• **Action item**
In the entries below, the word "Steel" appears on some lines. Copy each of those lines.

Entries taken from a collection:
────

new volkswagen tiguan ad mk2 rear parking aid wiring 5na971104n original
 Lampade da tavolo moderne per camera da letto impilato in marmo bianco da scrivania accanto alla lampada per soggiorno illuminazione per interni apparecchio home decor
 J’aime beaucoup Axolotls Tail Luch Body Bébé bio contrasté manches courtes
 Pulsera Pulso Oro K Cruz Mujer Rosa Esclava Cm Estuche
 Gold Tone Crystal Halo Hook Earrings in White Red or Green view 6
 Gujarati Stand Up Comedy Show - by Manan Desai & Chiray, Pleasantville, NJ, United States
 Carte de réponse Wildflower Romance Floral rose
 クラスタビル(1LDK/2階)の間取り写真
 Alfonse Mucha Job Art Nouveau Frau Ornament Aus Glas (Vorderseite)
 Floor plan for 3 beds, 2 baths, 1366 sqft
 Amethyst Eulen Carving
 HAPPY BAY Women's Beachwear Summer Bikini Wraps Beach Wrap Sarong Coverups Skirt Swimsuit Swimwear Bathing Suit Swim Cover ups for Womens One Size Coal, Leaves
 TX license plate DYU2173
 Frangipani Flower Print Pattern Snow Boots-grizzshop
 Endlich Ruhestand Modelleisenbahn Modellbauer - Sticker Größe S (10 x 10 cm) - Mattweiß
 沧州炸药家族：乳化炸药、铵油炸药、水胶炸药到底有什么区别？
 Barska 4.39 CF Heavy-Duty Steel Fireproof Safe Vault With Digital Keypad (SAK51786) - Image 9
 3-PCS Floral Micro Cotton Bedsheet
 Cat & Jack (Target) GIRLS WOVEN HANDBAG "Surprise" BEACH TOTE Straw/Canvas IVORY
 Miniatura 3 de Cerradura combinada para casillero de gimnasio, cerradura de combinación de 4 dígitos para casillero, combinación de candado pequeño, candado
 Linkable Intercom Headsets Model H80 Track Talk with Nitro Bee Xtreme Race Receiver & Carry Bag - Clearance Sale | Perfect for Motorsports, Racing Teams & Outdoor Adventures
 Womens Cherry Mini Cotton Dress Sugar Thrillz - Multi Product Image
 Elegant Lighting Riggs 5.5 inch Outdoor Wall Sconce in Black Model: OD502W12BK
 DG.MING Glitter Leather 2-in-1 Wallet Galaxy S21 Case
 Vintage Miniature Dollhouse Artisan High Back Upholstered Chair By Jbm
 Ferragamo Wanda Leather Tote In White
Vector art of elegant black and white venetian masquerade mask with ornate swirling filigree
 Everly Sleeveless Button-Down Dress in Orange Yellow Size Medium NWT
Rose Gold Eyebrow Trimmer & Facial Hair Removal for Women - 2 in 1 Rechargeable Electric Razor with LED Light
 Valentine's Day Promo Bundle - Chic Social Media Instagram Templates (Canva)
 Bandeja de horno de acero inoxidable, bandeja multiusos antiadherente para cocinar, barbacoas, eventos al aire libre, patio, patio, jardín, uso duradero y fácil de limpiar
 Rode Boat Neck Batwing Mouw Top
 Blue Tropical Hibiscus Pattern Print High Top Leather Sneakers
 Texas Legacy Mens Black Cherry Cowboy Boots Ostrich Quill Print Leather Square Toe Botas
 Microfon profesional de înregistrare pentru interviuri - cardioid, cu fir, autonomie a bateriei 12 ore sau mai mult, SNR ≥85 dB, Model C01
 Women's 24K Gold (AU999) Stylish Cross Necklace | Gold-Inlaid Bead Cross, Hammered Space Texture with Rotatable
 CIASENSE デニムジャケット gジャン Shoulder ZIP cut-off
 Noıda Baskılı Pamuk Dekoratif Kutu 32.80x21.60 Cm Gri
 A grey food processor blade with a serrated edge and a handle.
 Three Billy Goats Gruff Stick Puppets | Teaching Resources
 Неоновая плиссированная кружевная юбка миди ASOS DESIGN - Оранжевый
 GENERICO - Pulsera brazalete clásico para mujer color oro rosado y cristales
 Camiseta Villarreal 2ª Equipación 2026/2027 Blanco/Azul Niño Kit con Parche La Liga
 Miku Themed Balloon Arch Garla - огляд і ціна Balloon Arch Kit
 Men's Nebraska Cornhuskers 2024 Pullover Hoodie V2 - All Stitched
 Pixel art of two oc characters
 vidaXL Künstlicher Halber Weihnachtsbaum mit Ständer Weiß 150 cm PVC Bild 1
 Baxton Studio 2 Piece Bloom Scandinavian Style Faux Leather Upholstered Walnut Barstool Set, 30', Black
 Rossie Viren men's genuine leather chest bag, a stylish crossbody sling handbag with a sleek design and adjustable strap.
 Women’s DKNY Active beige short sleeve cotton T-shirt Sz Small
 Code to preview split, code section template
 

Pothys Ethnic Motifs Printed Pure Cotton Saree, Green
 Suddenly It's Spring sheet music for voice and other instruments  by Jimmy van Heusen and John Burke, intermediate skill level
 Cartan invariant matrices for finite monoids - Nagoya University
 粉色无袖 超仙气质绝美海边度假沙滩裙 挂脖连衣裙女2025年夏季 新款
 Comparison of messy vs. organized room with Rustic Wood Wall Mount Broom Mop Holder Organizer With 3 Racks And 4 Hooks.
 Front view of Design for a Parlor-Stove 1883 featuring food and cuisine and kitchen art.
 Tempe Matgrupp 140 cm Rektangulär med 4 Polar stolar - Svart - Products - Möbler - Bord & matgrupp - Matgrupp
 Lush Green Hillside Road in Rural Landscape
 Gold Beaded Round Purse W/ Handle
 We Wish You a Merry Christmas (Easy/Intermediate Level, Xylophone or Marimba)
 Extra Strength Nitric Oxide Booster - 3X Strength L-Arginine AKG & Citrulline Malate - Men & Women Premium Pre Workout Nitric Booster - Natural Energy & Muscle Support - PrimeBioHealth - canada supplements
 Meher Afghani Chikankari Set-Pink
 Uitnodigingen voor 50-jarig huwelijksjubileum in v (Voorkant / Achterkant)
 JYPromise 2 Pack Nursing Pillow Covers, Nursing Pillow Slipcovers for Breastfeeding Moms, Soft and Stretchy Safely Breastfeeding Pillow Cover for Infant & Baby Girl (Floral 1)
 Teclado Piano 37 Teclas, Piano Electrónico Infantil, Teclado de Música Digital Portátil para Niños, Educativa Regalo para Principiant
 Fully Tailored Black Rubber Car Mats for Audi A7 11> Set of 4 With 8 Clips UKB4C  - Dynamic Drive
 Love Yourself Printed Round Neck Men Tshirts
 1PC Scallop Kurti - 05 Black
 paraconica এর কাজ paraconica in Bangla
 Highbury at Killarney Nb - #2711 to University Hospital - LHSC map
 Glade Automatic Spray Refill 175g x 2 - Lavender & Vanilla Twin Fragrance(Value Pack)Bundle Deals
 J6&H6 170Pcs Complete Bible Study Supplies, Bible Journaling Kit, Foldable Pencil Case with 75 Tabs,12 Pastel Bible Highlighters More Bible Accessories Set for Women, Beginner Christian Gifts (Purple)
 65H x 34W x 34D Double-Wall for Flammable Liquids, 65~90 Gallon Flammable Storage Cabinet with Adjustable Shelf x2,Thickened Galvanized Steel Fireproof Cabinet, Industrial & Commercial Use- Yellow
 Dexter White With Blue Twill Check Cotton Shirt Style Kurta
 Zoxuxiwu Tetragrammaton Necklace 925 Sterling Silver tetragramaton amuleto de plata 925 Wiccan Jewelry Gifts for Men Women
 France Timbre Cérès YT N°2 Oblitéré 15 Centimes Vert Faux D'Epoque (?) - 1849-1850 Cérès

────

• **Task answer**
 Barska 4.39 CF Heavy-Duty Steel Fireproof Safe Vault With Digital Keypad (SAK51786) - Image 9
 65H x 34W x 34D Double-Wall for Flammable Liquids, 65~90 Gallon Flammable Storage Cabinet with Adjustable Shelf x2,Thickened Galvanized Steel Fireproof Cabinet, Industrial & Commercial Use- Yellow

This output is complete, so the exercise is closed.